_What needs to be done_
Please transcribe exactly, and only, the lines of the data below between the line holding "Aviv on Saturday" and the line holding "a shower with", inclusive.
[Records for the exercise Boundary: Start]
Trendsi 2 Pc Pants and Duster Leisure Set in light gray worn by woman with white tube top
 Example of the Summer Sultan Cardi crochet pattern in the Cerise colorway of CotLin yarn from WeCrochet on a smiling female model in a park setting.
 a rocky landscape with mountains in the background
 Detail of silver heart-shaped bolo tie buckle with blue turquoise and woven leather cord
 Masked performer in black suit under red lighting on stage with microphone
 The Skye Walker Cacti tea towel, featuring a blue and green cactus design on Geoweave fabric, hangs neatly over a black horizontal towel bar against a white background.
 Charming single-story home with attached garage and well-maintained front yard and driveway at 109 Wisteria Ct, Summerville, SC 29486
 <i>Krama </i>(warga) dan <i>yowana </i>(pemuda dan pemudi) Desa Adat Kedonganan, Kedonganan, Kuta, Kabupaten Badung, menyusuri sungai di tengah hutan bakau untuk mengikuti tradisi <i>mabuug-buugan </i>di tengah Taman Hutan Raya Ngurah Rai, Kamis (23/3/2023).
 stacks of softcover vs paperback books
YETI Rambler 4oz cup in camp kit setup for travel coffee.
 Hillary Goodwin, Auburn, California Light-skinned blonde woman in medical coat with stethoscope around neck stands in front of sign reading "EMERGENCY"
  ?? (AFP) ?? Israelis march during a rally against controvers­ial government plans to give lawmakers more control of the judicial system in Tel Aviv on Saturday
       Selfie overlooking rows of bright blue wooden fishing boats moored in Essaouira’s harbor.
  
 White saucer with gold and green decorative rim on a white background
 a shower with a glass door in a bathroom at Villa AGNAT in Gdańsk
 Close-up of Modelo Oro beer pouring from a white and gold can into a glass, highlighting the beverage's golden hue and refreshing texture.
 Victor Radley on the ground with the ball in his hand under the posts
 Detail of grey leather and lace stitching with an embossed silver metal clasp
[Records for the exercise Boundary: End]
_Task result_
  ?? (AFP) ?? Israelis march during a rally against controvers­ial government plans to give lawmakers more control of the judicial system in Tel Aviv on Saturday
       Selfie overlooking rows of bright blue wooden fishing boats moored in Essaouira’s harbor.
  
 White saucer with gold and green decorative rim on a white background
 a shower with a glass door in a bathroom at Villa AGNAT in Gdańsk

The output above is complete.